[WHAT IS REQUIRED] What you write must match, character for character, the lines from the one with "JVmoebel Chesterfield-Sofa Wohnzimmer" down to the one with "Bling Mousepad Musmatta" in the listing below, minus its pictures.

[INFORMATION SHOWN]
%%

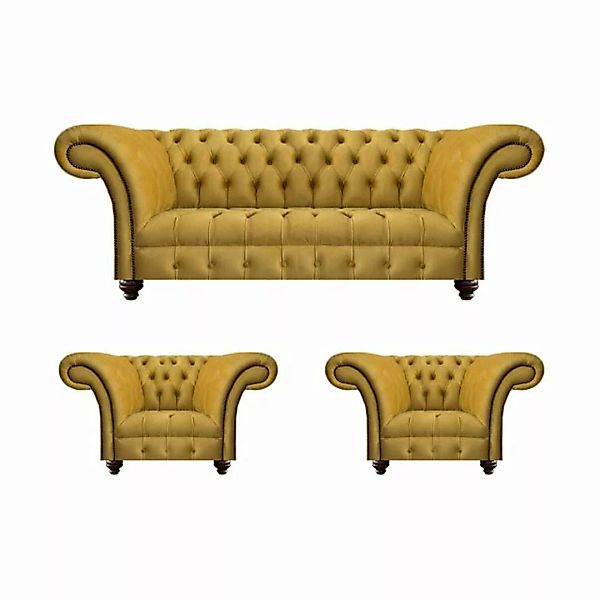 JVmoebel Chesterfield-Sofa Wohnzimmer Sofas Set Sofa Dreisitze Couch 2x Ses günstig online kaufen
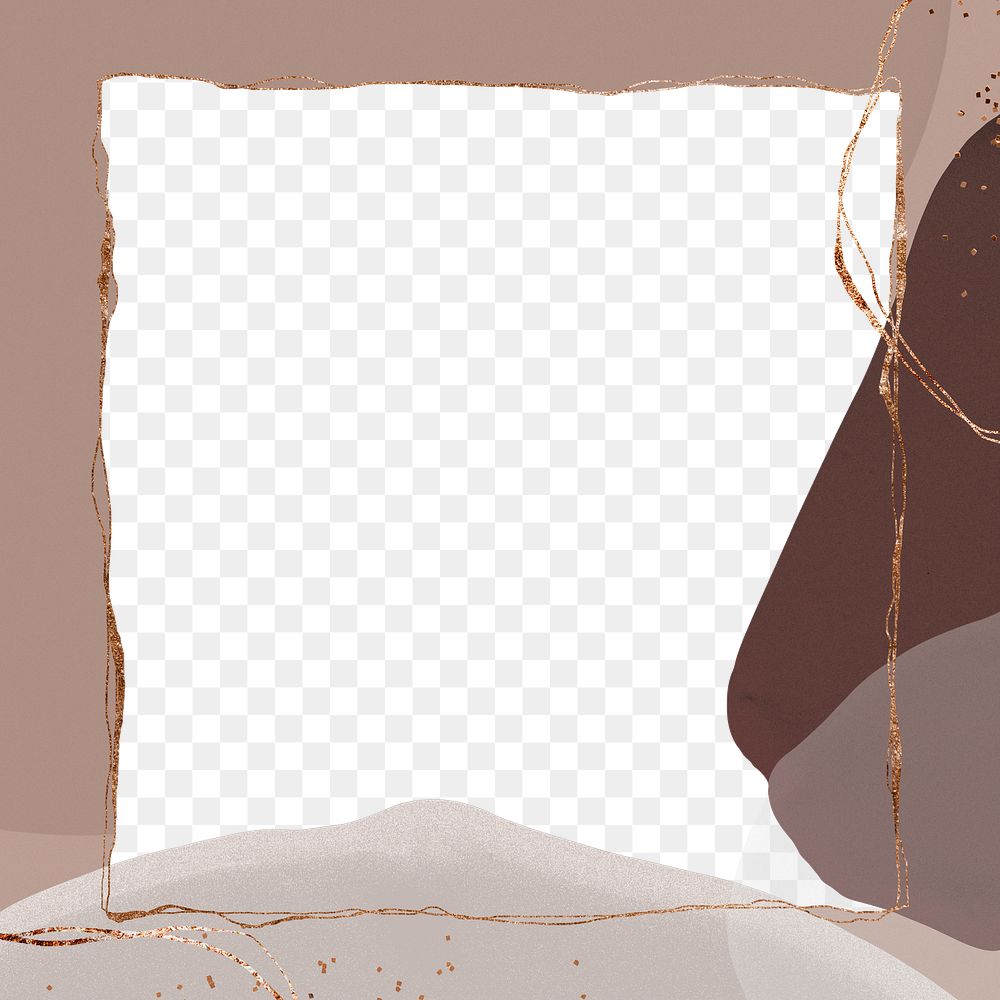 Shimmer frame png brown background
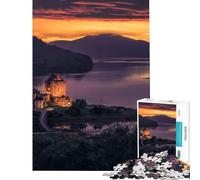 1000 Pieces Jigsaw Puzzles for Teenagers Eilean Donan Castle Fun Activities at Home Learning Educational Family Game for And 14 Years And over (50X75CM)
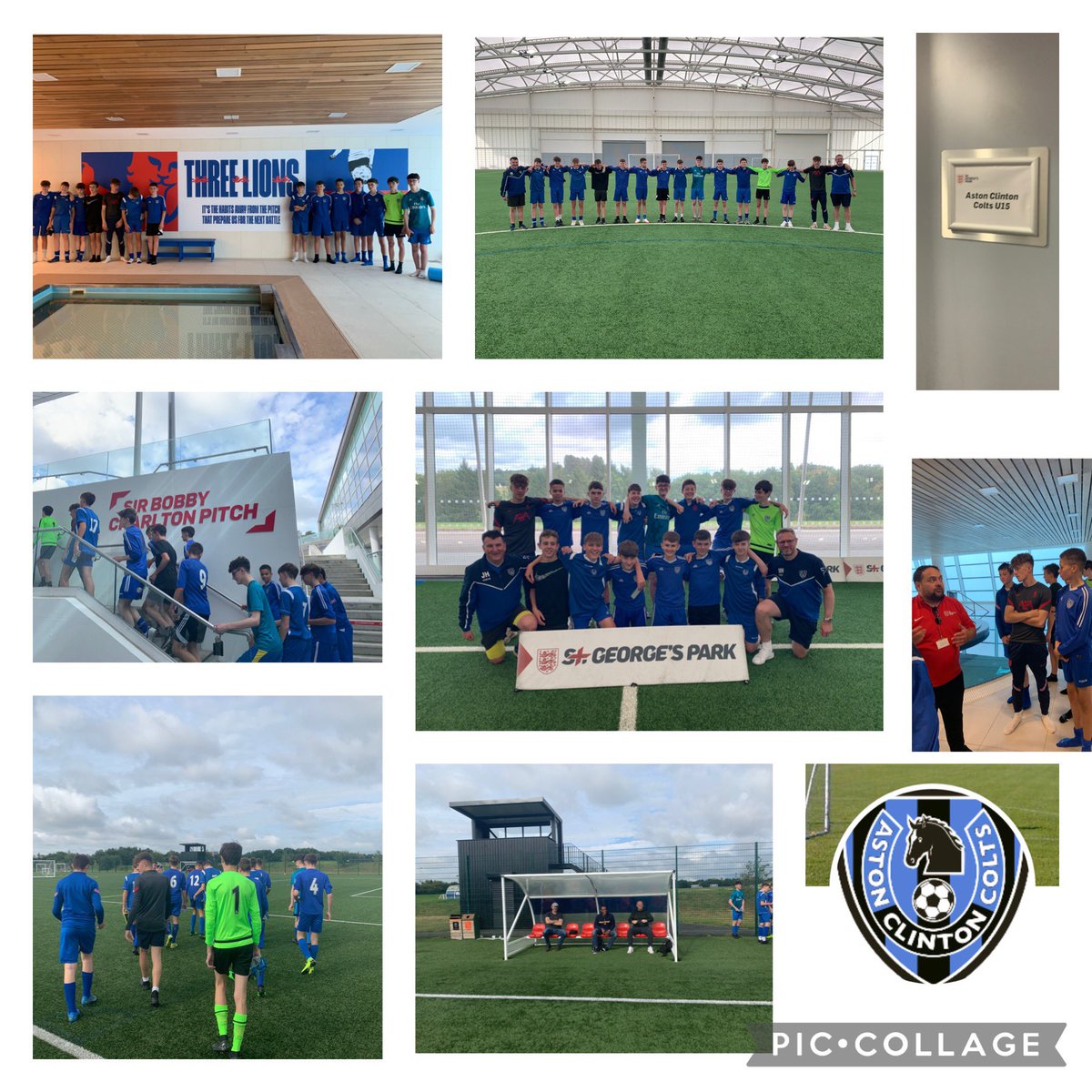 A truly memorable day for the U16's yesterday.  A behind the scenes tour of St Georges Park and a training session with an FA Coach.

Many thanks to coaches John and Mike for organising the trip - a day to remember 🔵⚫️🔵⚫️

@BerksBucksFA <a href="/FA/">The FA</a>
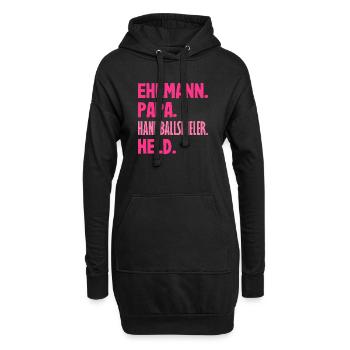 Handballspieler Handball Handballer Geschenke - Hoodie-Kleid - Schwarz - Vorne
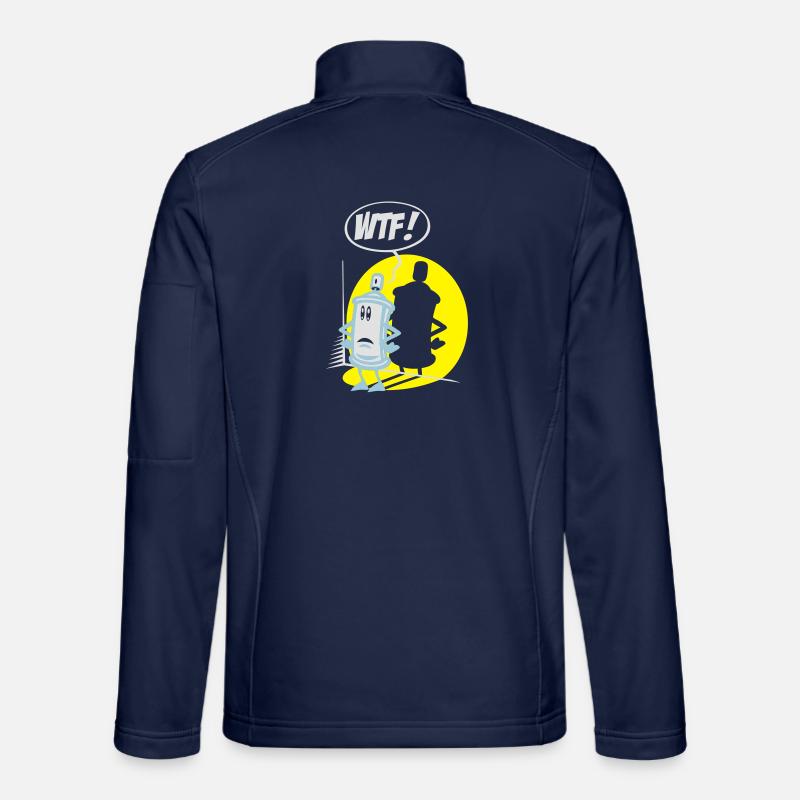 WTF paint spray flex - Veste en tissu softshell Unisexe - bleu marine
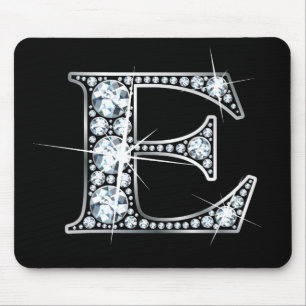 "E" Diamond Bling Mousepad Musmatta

%%
%%

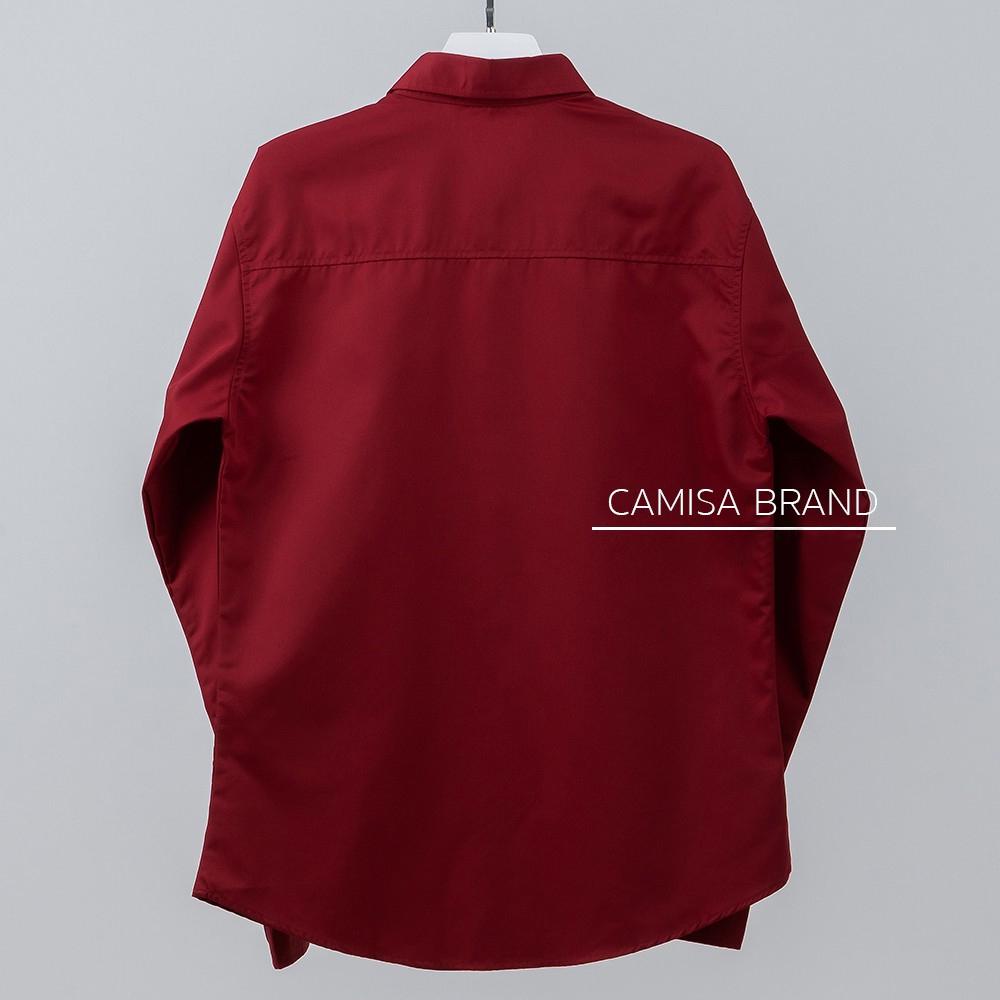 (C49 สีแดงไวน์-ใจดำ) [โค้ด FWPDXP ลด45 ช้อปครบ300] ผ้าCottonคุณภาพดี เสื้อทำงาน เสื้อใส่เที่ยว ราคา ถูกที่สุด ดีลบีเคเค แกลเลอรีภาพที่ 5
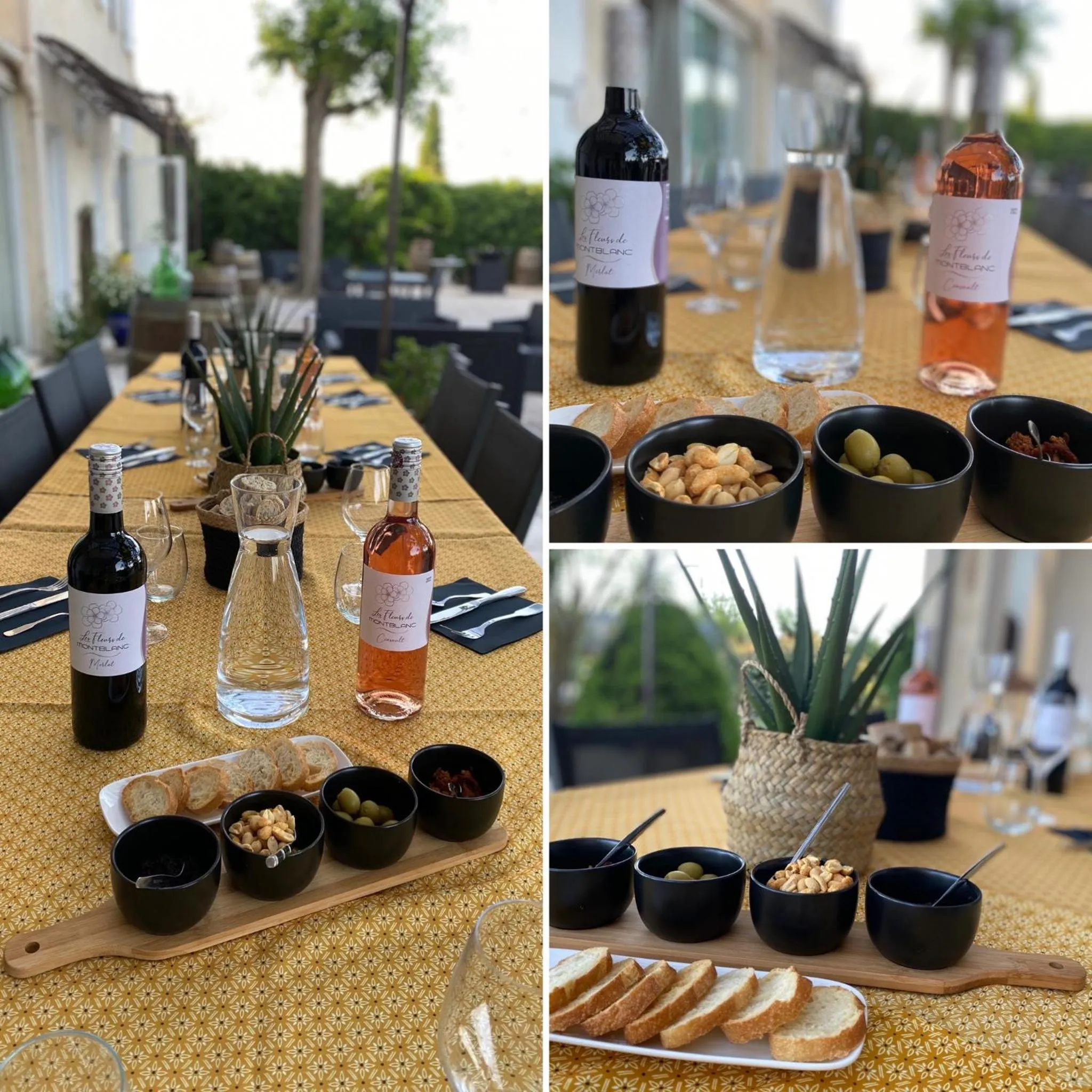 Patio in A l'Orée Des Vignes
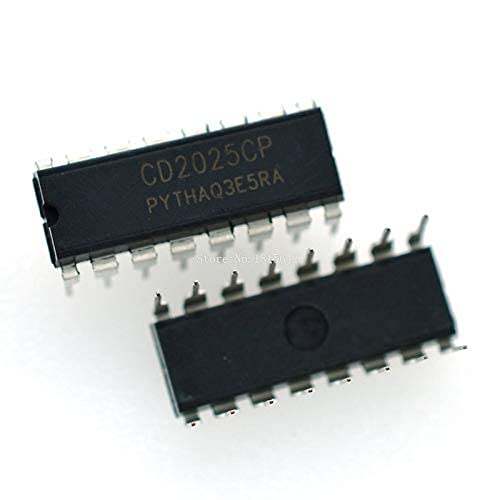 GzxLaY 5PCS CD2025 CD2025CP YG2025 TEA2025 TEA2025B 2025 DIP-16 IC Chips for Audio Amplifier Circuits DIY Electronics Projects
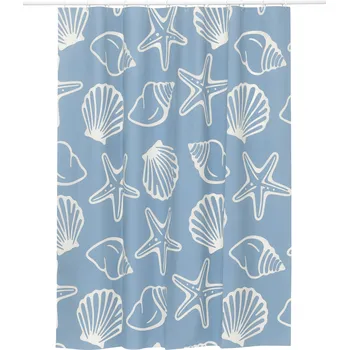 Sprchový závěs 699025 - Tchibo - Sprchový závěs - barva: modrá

%%
%%

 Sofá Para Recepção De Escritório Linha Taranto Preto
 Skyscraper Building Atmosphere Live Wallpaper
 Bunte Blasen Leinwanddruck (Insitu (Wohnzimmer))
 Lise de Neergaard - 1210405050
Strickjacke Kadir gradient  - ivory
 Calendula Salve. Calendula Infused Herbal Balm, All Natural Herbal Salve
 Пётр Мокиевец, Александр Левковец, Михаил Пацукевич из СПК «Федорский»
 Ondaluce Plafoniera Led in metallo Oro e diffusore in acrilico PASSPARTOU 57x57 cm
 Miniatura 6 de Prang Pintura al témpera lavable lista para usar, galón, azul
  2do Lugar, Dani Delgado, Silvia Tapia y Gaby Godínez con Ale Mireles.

%%

[RESPONSE TO THE EXERCISE]
 JVmoebel Chesterfield-Sofa Wohnzimmer Sofas Set Sofa Dreisitze Couch 2x Ses günstig online kaufen
 Shimmer frame png brown background
 1000 Pieces Jigsaw Puzzles for Teenagers Eilean Donan Castle Fun Activities at Home Learning Educational Family Game for And 14 Years And over (50X75CM)
 A truly memorable day for the U16's yesterday.  A behind the scenes tour of St Georges Park and a training session with an FA Coach.

Many thanks to coaches John and Mike for organising the trip - a day to remember 🔵⚫️🔵⚫️

@BerksBucksFA <a href="/FA/">The FA</a>
 Handballspieler Handball Handballer Geschenke - Hoodie-Kleid - Schwarz - Vorne
 WTF paint spray flex - Veste en tissu softshell Unisexe - bleu marine
 "E" Diamond Bling Mousepad Musmatta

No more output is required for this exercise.